Blue/green is easy for stateless services. We did it for our primary Postgres cluster with 3.2TB of data and ~8k connections. Here's exactly how — and what almost went wrong.

On this page

Blue/Green Deploys for Stateful Services: A Postgres Cutover Story

Blue/green is the canonical zero-downtime deploy pattern for stateless services. Doing it for a 3.2 TB primary Postgres cluster with peak ~8k connections is a different sport.
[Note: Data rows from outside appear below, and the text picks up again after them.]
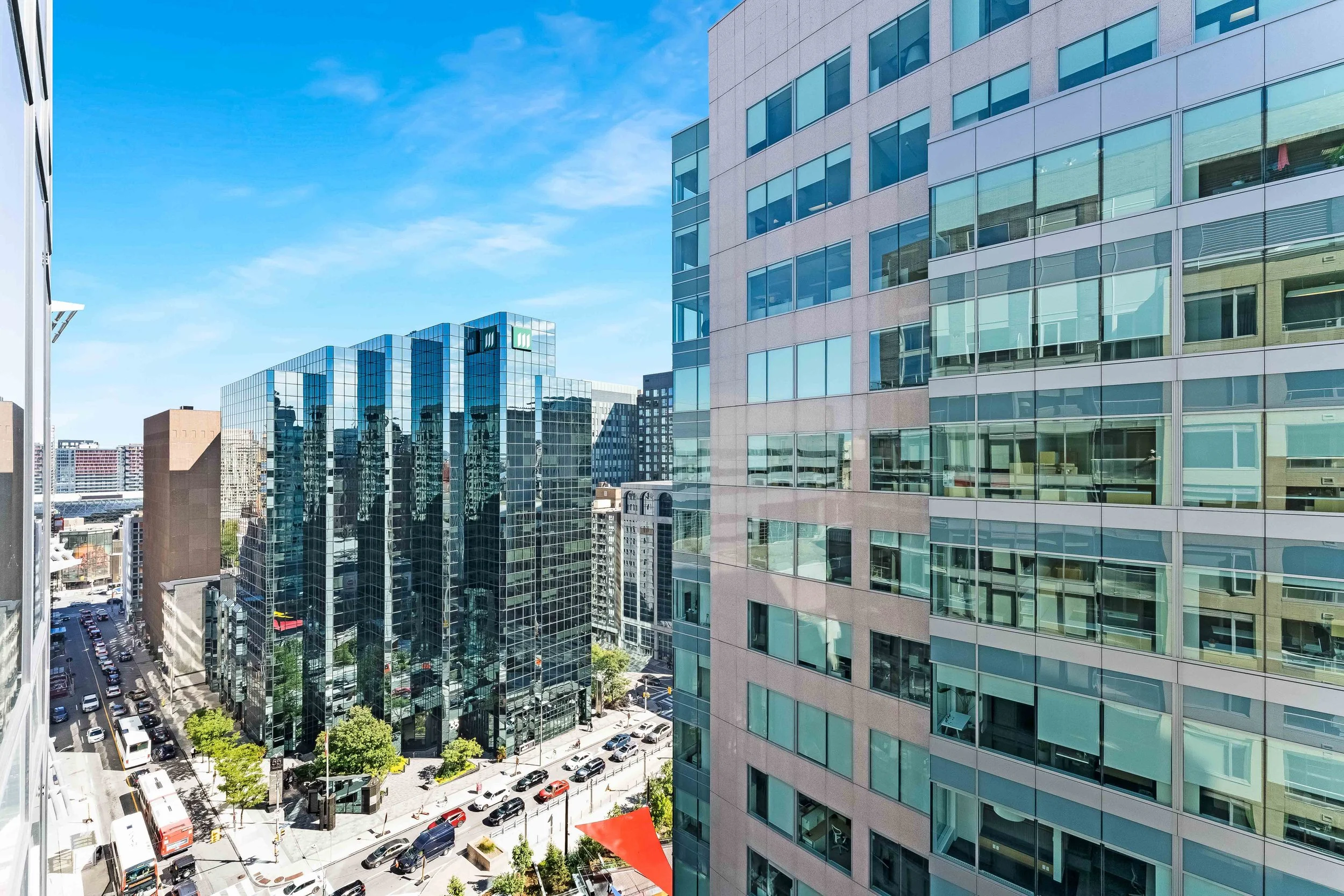 NV3D Ottawa Real Estate Photography View of a city block with modern glass high-rise buildings, streets with cars, and a clear blue sky.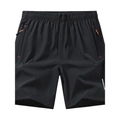Détail du short de course avec poches zippées, accents orange et ceinture élastique ajustable - M / Noir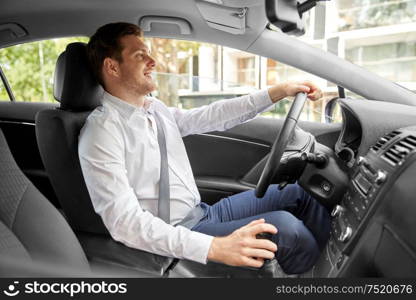 transport, vehicle and people concept - smiling man or driver driving car in summer. smiling man or driver driving car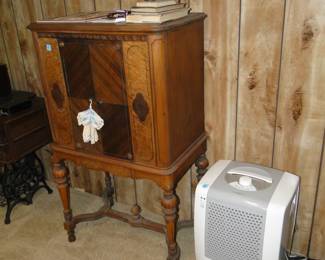 We have all kinds of wonderful items.  Like the dehumidifier.  Or that wonderful cabinet that is great for storage, or would make an outstanding bar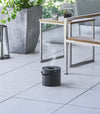 Black Yamazaki Mosquito Repellant Coil Holder and Storage Case outside on a patio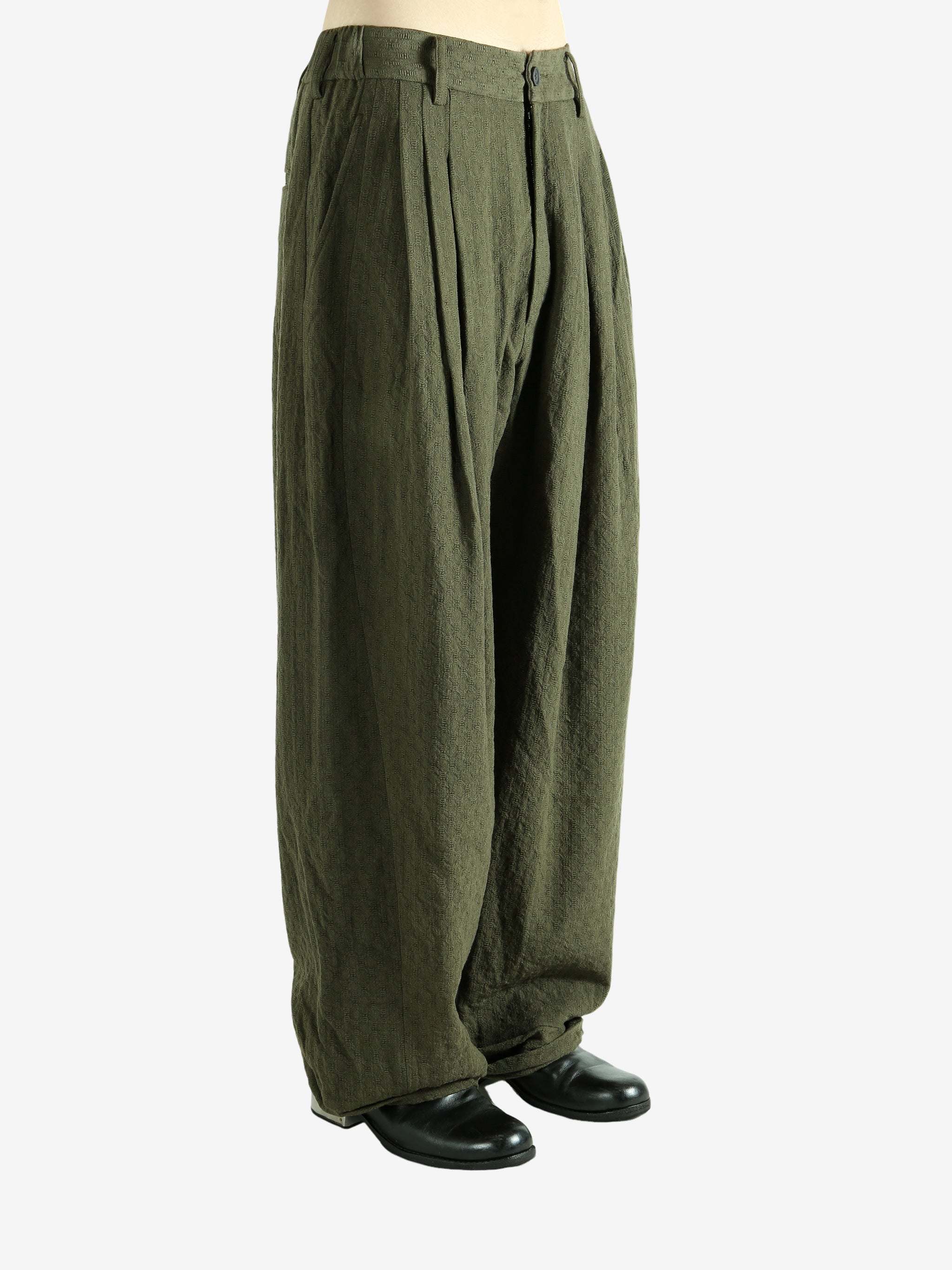 Green pants worn by a person, showing the pants' fit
Here's how we cut over from PG14 → PG16 with 27 seconds of write blackout and zero data loss.

The Setup Going In #

Primary: Postgres 14.10, 3.2 TB, 8k peak connections (PgBouncer fronting)
Replica: streaming replication, ~1s lag p95
Apps: ~40 services across an EKS cluster, all using a single PgBouncer endpoint
Workload: ~70% read, ~30% write, mostly OLTP

Why Not Just `pg_upgrade`?#

We considered three options:

Option	Downtime	Risk	Rollback
`pg_upgrade --link` in place	5–15 min	Single shot, no rollback	Restore from backup (hours)
Logical replication blue/green	< 1 min	Months of edge cases possible	Cut traffic back instantly
Read replica promotion	30s–2min	Lose recent writes (RPO > 0)	Hard

Logical replication won despite being the most work. The instant rollback property was non-negotiable for us.

The Architecture #

code

                    ┌──────────────┐
   write traffic ──▶│  PgBouncer   │──▶ BLUE  (PG14 primary, current production)
                    │  (HAProxy)   │         │
                    └──────────────┘         │ logical replication
                            ▲                ▼
                            │            GREEN (PG16, new primary, lagging)
                            │
                       cutover flips
                       upstream pool

The 8-Week Plan #

Weeks 1–3: Stand Up Green and Replicate #

sql.sql

-- On BLUE (publisher)
CREATE PUBLICATION app_pub FOR ALL TABLES;

-- On GREEN (subscriber, after schema dump/restore)
CREATE SUBSCRIPTION app_sub
  CONNECTION 'host=blue port=5432 dbname=app user=replicator'
  PUBLICATION app_pub
  WITH (copy_data = true, slot_name = 'app_sub_slot');

Initial copy of 3.2 TB took 18 hours. Replication caught up to within seconds within another 4 hours.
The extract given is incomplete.